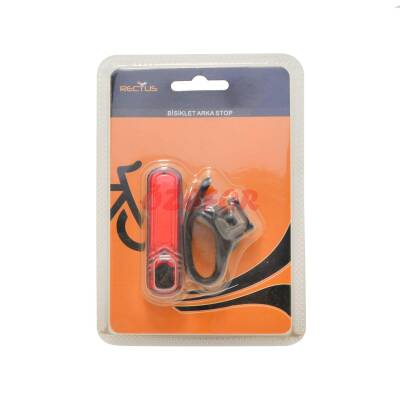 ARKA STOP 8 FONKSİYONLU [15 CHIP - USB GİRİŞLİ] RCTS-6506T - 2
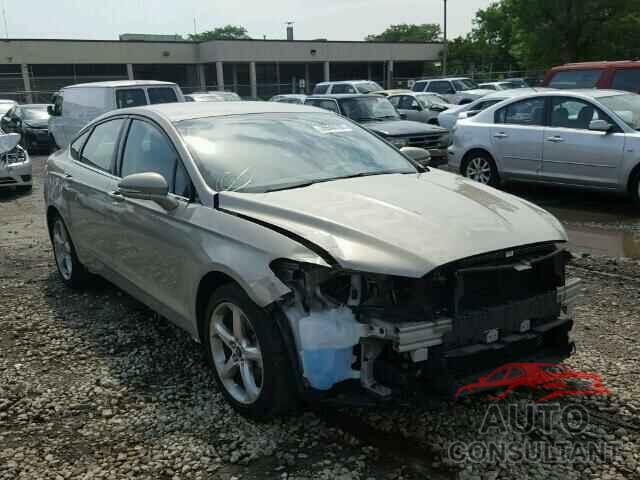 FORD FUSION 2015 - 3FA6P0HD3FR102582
—————
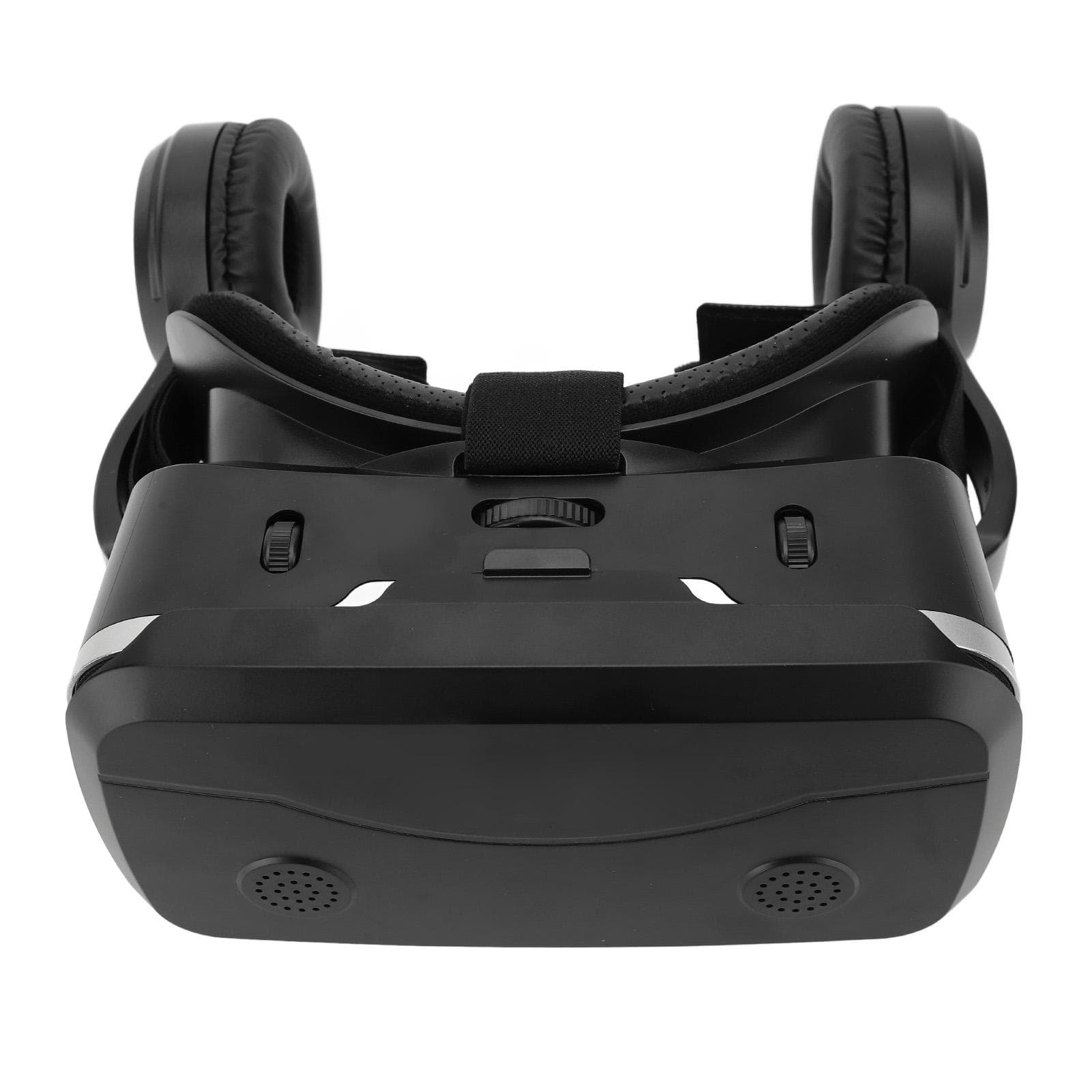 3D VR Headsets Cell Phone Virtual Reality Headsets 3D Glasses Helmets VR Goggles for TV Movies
—————
PROBLEM DETAILS >>
Go to the line above that has "ARKA STOP 8" and copy exactly from there down to the line that has "FORD FUSION 2015 - 3FA6P0HD3FR102582", both included. Leave the pictures out.

RESPONSE >>
 ARKA STOP 8 FONKSİYONLU [15 CHIP - USB GİRİŞLİ] RCTS-6506T - 2
 FORD FUSION 2015 - 3FA6P0HD3FR102582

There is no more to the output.